What was the same was the amount of music we heard at Yosemite National Park.  Hikers carrying small speakers and walking along the trails.   I wondered at this used to listening to smaller in ear phones and not the more general open music choices of others.

Cherry Festival and Lands End

Colour and sound seemed to be the highlight of San Fran, with us making it just to the Cherry Festival parade.

At first I thought we had missed it but people were lining the streets to we lined up with them and soon floats started to drift down the avenue, girls dancing in kinimo’s and umbrellas, traditional cherry blessing being given, samurai and to top it off the Saki Barrels to be blessed with a mad man hanging from the rope as the towering float jerked its way down the street. It was a spectacle of sight and colour.

 

We left the colour and sound and found peace at the old pleasure grounds and baths near Ocean Beach. This amazing headland was sculptured by one of the city founders for the pleasure of the citizens. In its hey day it had baths and taverns and entertainment. It also had its own train into the heart of San Fran as the dude thought public transport was too expensive.  There was a darker side of the Land’s End which was at his heart he was racist with African American and Indians banned from the baths.  I find it odd that someone civic minded would still be a bigot.  I guess he was a product of his time but it did seem odd.

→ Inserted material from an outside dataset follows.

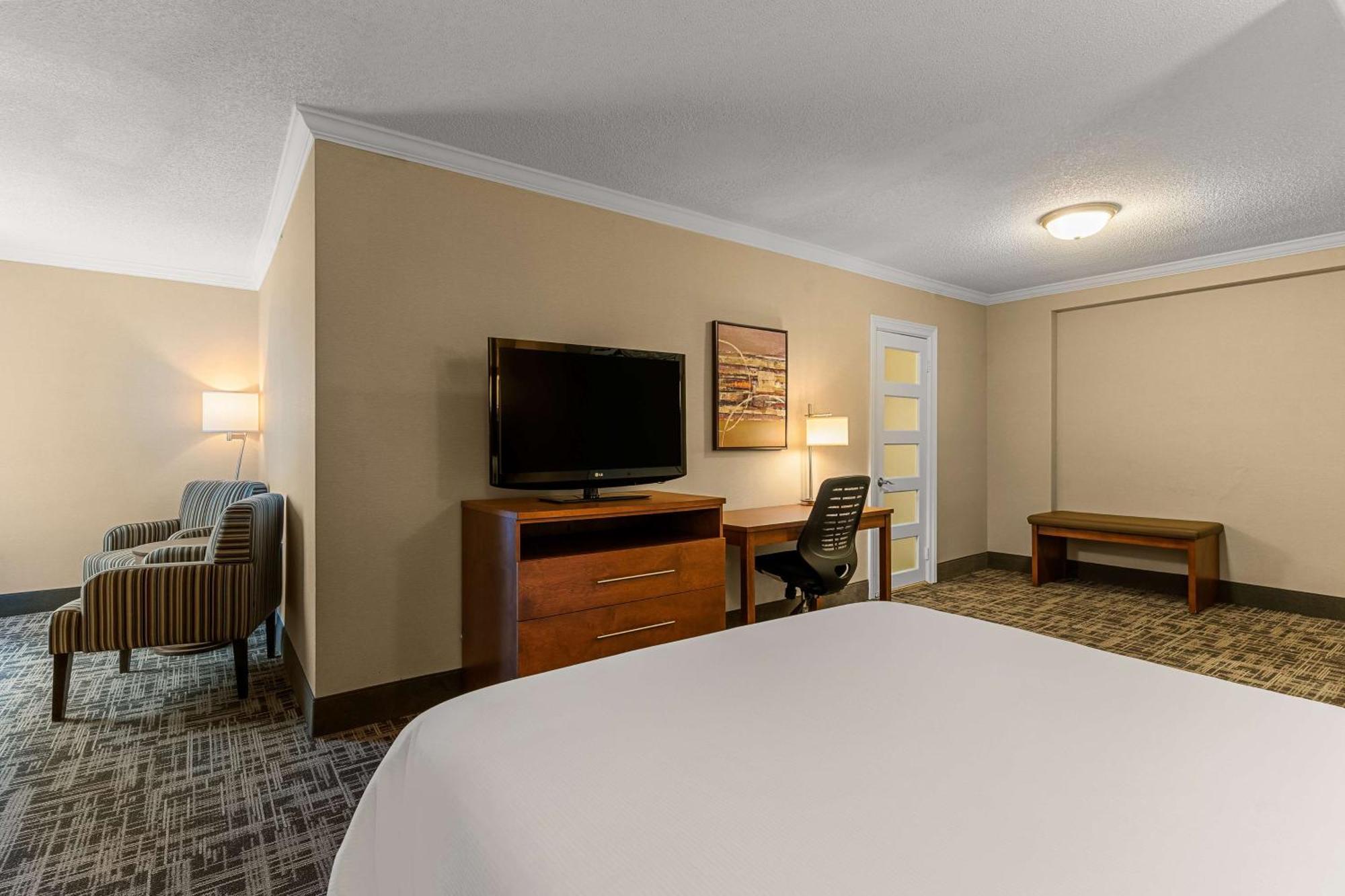 Best Western Ville-Marie Hotel & Suites Montreal Exterior photo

The Land’s End gardens are now a ruin with little left of the original plans, the ocean, wars and neglect have turned the area into almost ruins.  The larger estate became a army base and alcohol forbidden nearby. This really led to the death of the pleasure area which fell into disrepair.  As always there is beauty in the disintegration of civilisation with numbers of people taking in the sunset as we did.   

Yosemite

How does one even start to describe this place?  The drive was knuckle biting, our first in the USA. We picked the car up from the Airport, a slightly more expensive option, but it meant we could return it to the point we needed without any hassles of moving bags around.   It was a slightly larger car than. We were used to and driving on the wrong side meant iKaruS would drift right. As a passenger on the right the terror I felt at large trucks wheels in my field of vision was knuckle bite worthy.   We soon sorted out a short hand of words used to indicate drift and to remind each other of which side to drive on.

We drove rapidly past agricultural fields and rice paddies, wondering at what the different crops were. The trees in particular stumped us, cherry maybe or chestnut, almonds we knew but most we didn’t.   That gave way to rolling hills which in turn gave way to the more steeper mountains.  We stopped at a lookout the grey granite and burnt hills made a stark landscape. Initially it was not what I expected.  But as we drove further into the valley and the green lush fields lit up in the afternoon sun and the sparkling of the snowmelt waterfalls cascading over the dark granite it became much more as expected.

That first night we wandered a short while, setting up our camp in the Housekeeping tent.  I was worried I suppose about flies and insects seeing that no screens lined the tent which was in essence two hard sides and two soft plastic canvas material with ties to draw the door shut. Two ties that is.   We went to sleep with the rushing sound of the river in our ears and the agreement to attempt a moderate walk the next day.